European traffic planners are dreaming of streets free of rules and directives. They want drivers and pedestrians to interact in a free and humane way, as brethren — by means of friendly gestures, nods of the head and eye contact, without the harassment of prohibitions, restrictions and warning signs.

Why? Because the law is so overgrown in the old country that it is (allegedly) ignored:

About 70 percent of traffic signs are ignored by drivers. What’s more, the glut of prohibitions is tantamount to treating the driver like a child and it also foments resentment. He may stop in front of the crosswalk, but that only makes him feel justified in preventing pedestrians from crossing the street on every other occasion.
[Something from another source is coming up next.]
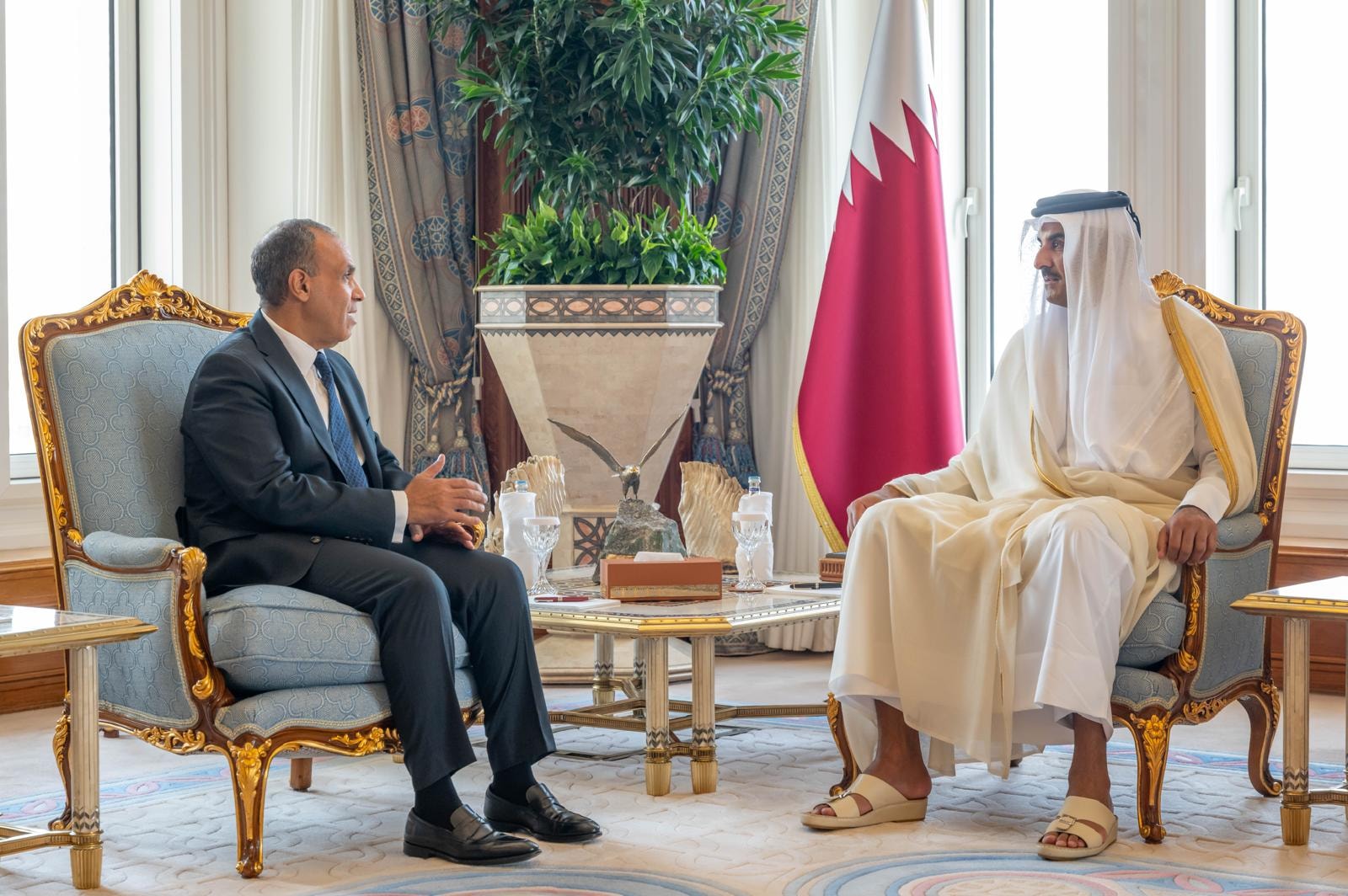 وزير الخارجية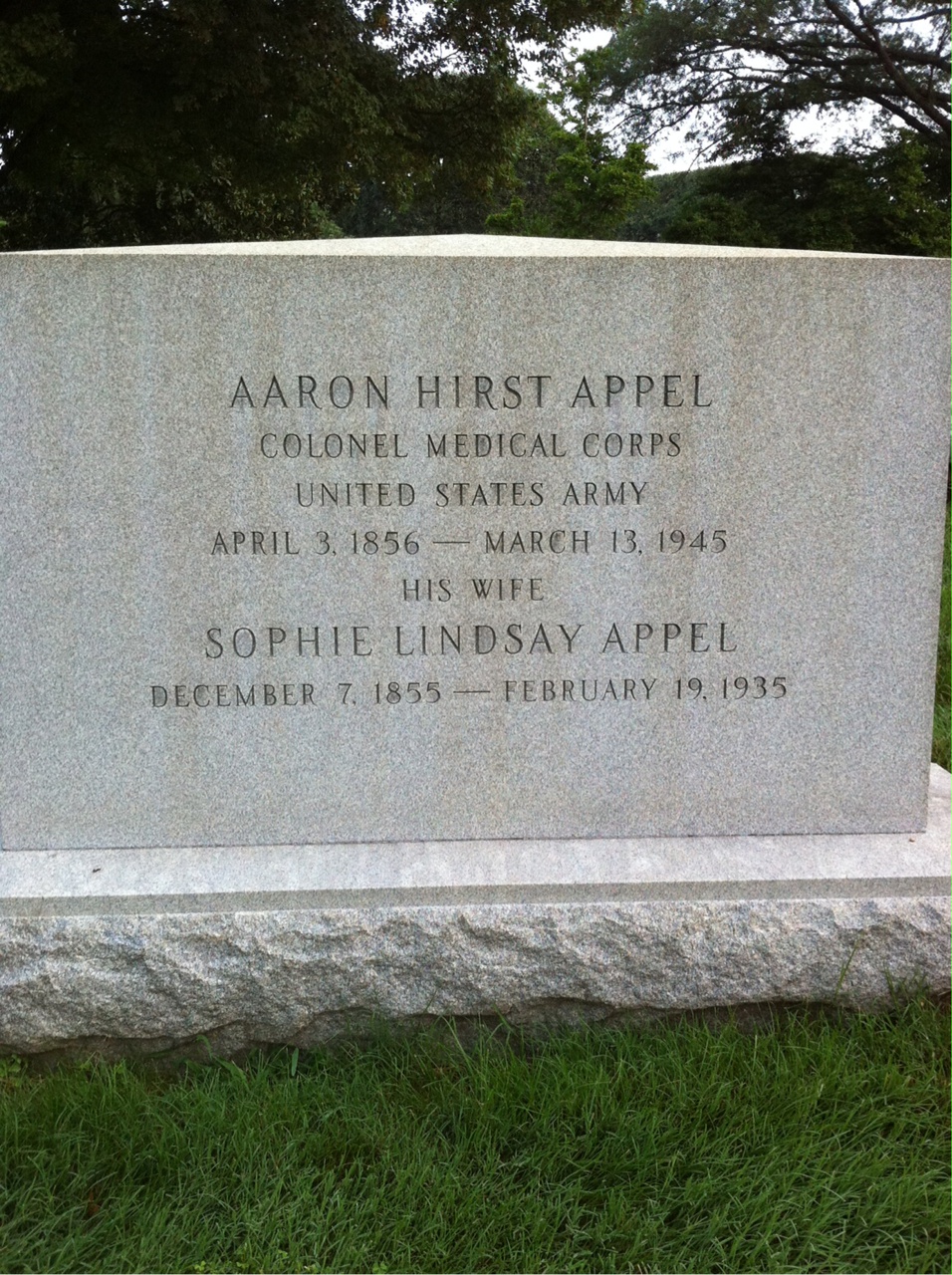 Aaron Appel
Every traffic light baits him with the promise of making it over the crossing while the light is still yellow . . . The new traffic model’s advocates believe the only way out of this vicious circle is to give drivers more liberty and encourage them to take responsibility for themselves. They demand streets like those during the Middle Ages, when horse-drawn chariots, handcarts and people scurried about in a completely unregulated fashion. The new model’s proponents envision today’s drivers and pedestrians blending into a colorful and peaceful traffic stream.

Ok, I get the concept, and I do think that the proliferation of law results in an enforcement loss on the margins. But there are two conditions to this experiment’s success.

First, it isn’t scalable. In absolute terms, big cities seem to me to be vastly harder to de-sign than small cities: the temptation to defect is higher; the benefits of cooperation diffuse; and the social sanctions easy to avoid. Similarly, homogenous and nondiverse populations like those that still dominate parts of Europe probably need less law than heterogeneous ones – a straightforward Shasta County idea.

Second, you still need private (tort) law. Even when the stop sign gets carted away, a reasonable duty of care remains. Further, that law has to be relatively well-appreciated to be effective. Therefore, the designers of the experiment must be sort of suggesting that we can remove law’s signs because the rules have been completely internalized.